My Journey to Infrastructure as Code - Part 1

This is the first part of a multipart series on how I introduced Infrastructure as Code(IaC) processes to my organization. My end goal is to implement a complete IaC pipeline from image build to deployment of infrastructure, but we are an organization that needs to go through a bit of a transformation and need to take this journey in small incremental steps. We have a very on-premises bias to our systems due to strict compliance regulations. However, there is a desire to run more workloads in the cloud where appropriate. So we are looking for a solution that is capable of hybrid cloud, or at the very least not to suffer from cloud or vendor lock in.

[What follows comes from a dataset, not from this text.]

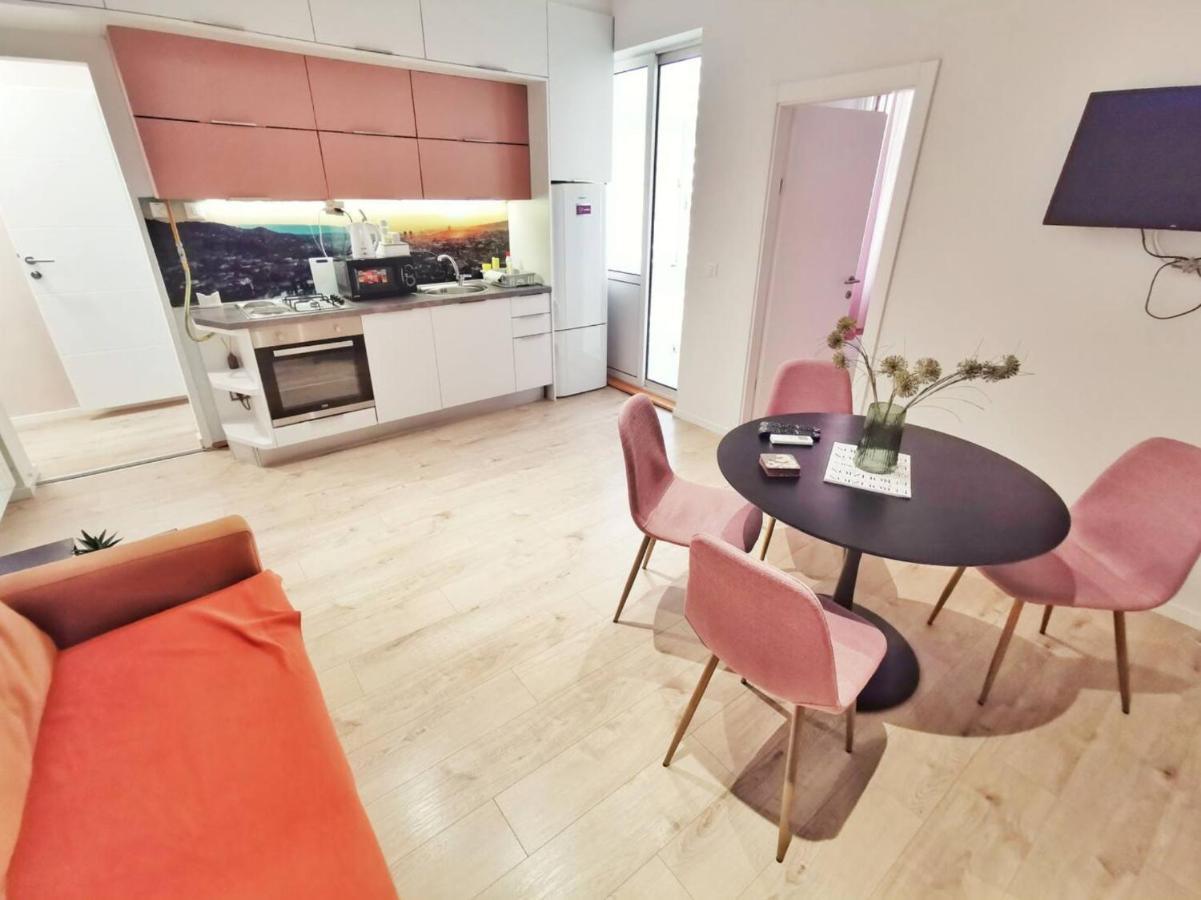 Blue And Rose Cozy - Quiet In The Best Location - Self Check-In - 5Th Floor With Elevator Sarajevo Bagian luar foto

One thing that does not lack in the IaC space is tool options, and this may be the toughest part to getting started. As an Infrastructure Engineer, I have spent years looking at different tools for provisioning, configuration management, and deployment. Furthermore, as I have planned out this implementation, I have spent months studying different tools to narrow down the tool chain that I believe is best for us and will work well to compliment each tool’s strengths and weaknesses. There are literally dozens of great tools out there, and there is no one right answer to tool selection. It all depends on you and your team’s preferences, and what works for your organization. The initial set of tools I will be implementing are:

This list is by no means exhaustive, and I already have other ideas for tools that will be needed down the line. For instance, Chef’s InSpec for infrastructure testing once we have our pipelines running.

I’m sure someone out there is thinking, “Wow, you are an organization just starting out in DevOps, and jumping right into Kubernetes?” The answer is – kind of and its complicated. There is a learning curve for not only IaC in general, but also the tools involved in running these environments. Our plan is to start running some of our team’s tools within containers and kubernetes to learn the intricacies and nuances of these enviroments to better support our development teams going forward.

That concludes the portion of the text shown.